§ Listed records:
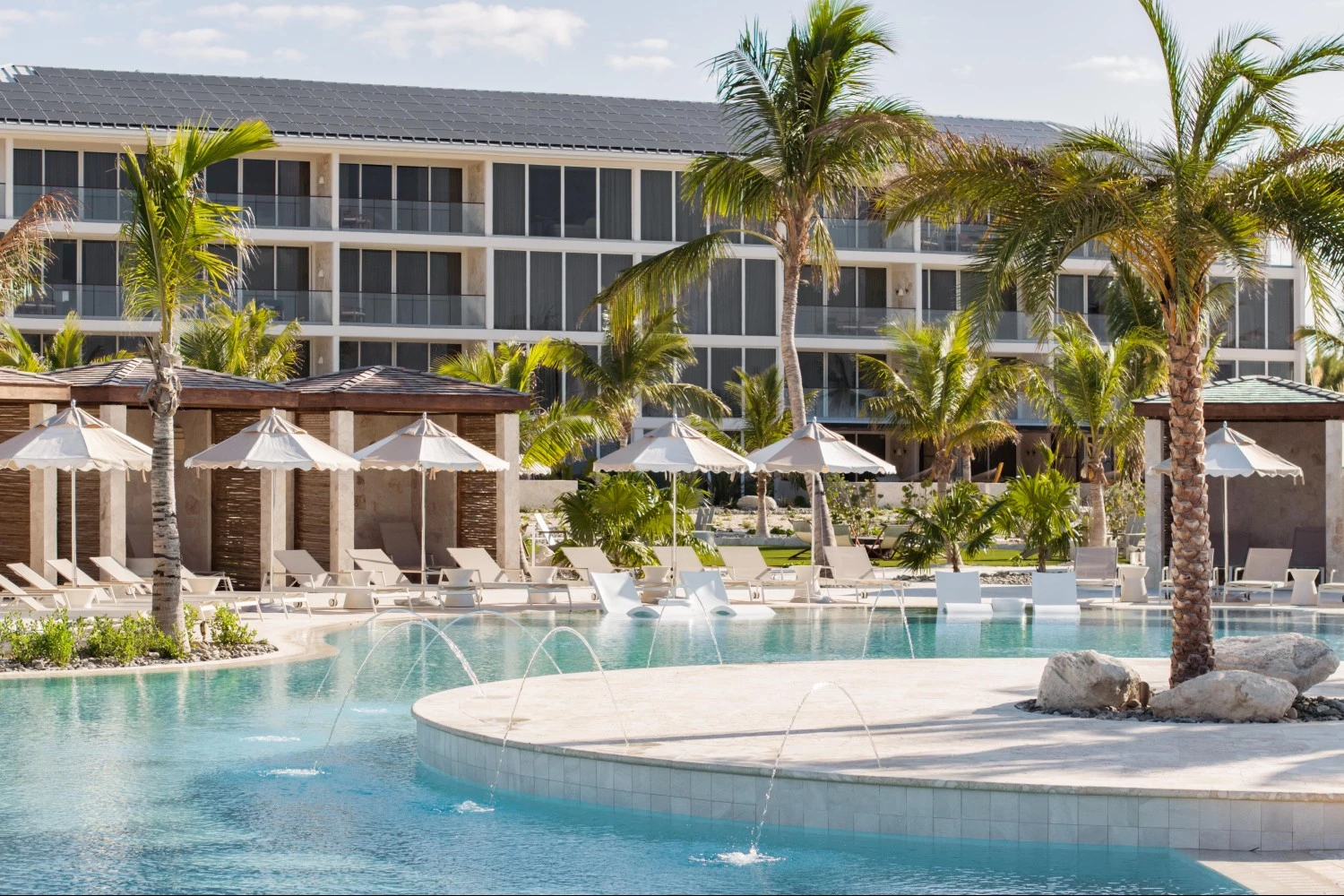 a pool with water jets and umbrellas in front of a building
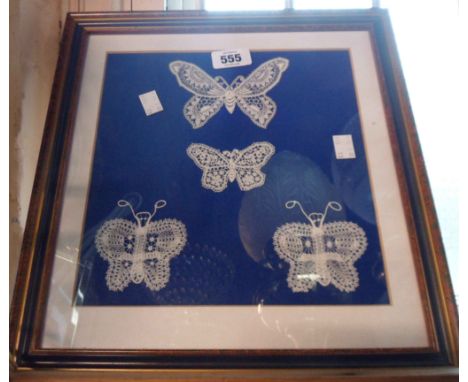 A framed and glazed panel containing four hand worked lace butterflies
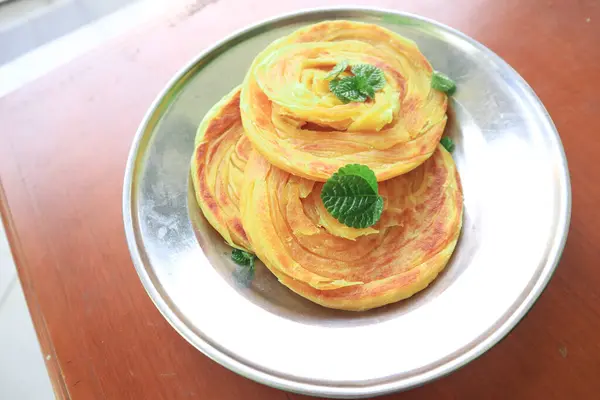 stock image Roti Canai or Paratha Bread with Curry Sauce, Chilli Flakes and Yogurt, on bacakground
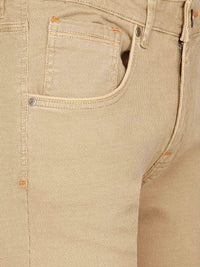 Close-up of beige denim pants with orange stitching and pocket. – Wam Denim.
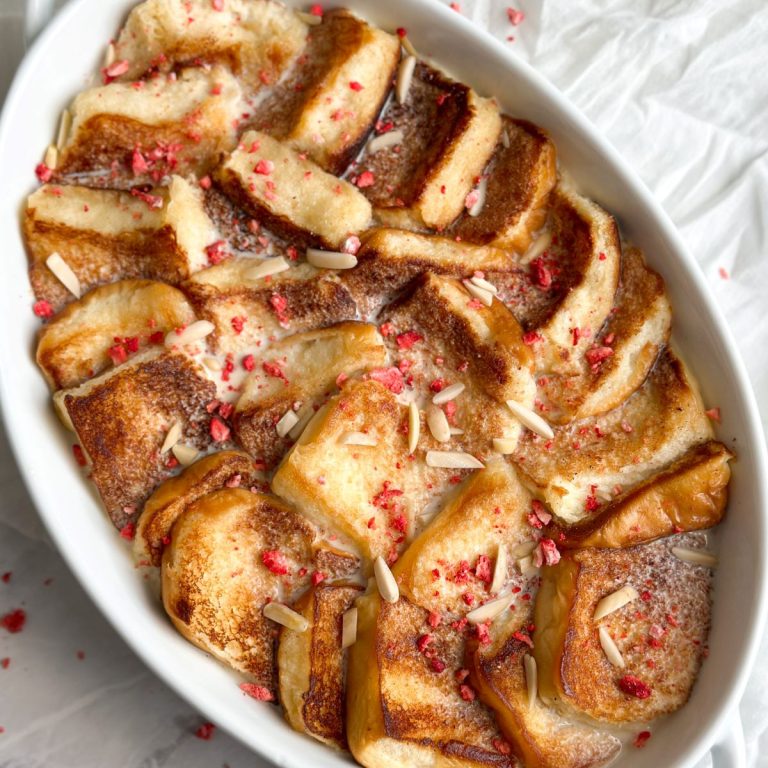 a white serving dish with shahi tukray inside - pieces of golden bread soaked in sweet milk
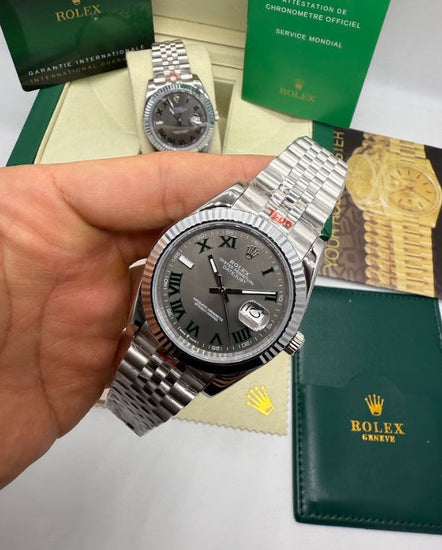 Relógio Rolex Datejust 41mm na mão, mostrador escuro com detalhes verdes e pulseira de aço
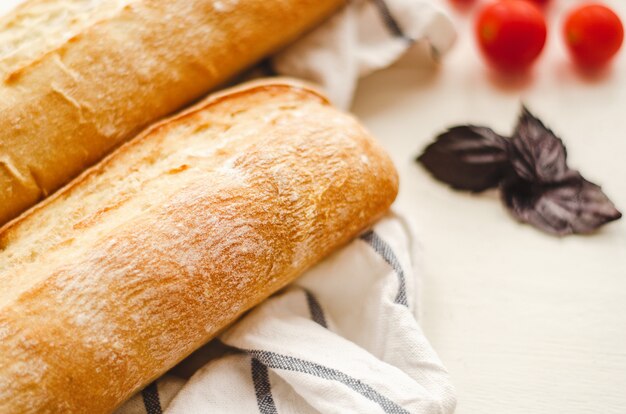 Baguettes frescos com uma batata frita em uma tabela branca em uma toalha com tomates e manjericão de cereja.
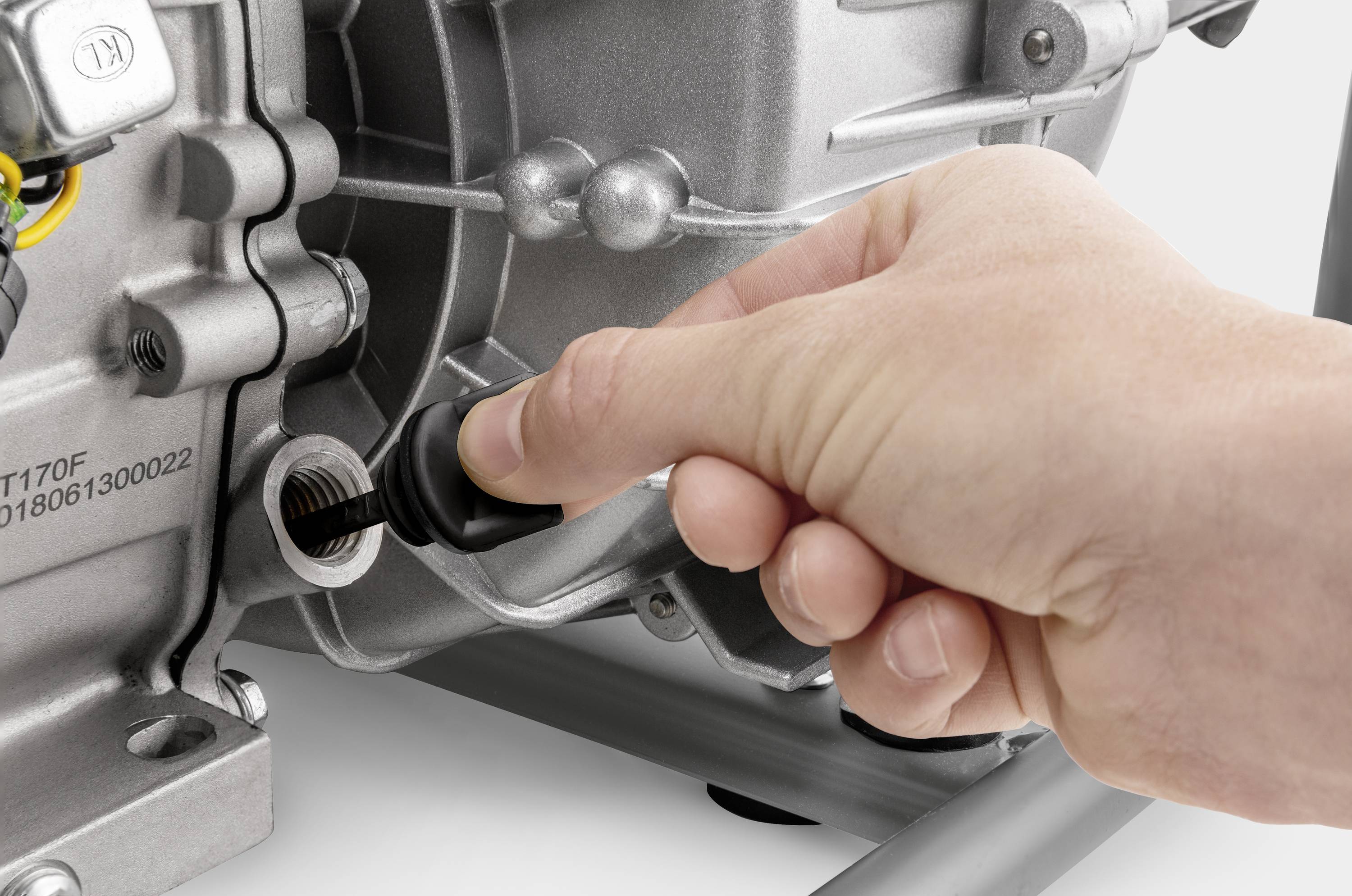 Eine Hand dreht einen Ölmessstab eines Motors heraus. Der Motor ist silberfarben und zeigt technische Details.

§ Task brief: The expected result is every record above, word for word, with no pictures in it.

§ Result:
 a pool with water jets and umbrellas in front of a building
 A framed and glazed panel containing four hand worked lace butterflies
 stock image Roti Canai or Paratha Bread with Curry Sauce, Chilli Flakes and Yogurt, on bacakground
 Close-up of beige denim pants with orange stitching and pocket. – Wam Denim.
 a white serving dish with shahi tukray inside - pieces of golden bread soaked in sweet milk
 Relógio Rolex Datejust 41mm na mão, mostrador escuro com detalhes verdes e pulseira de aço
 Baguettes frescos com uma batata frita em uma tabela branca em uma toalha com tomates e manjericão de cereja.
 Eine Hand dreht einen Ölmessstab eines Motors heraus. Der Motor ist silberfarben und zeigt technische Details.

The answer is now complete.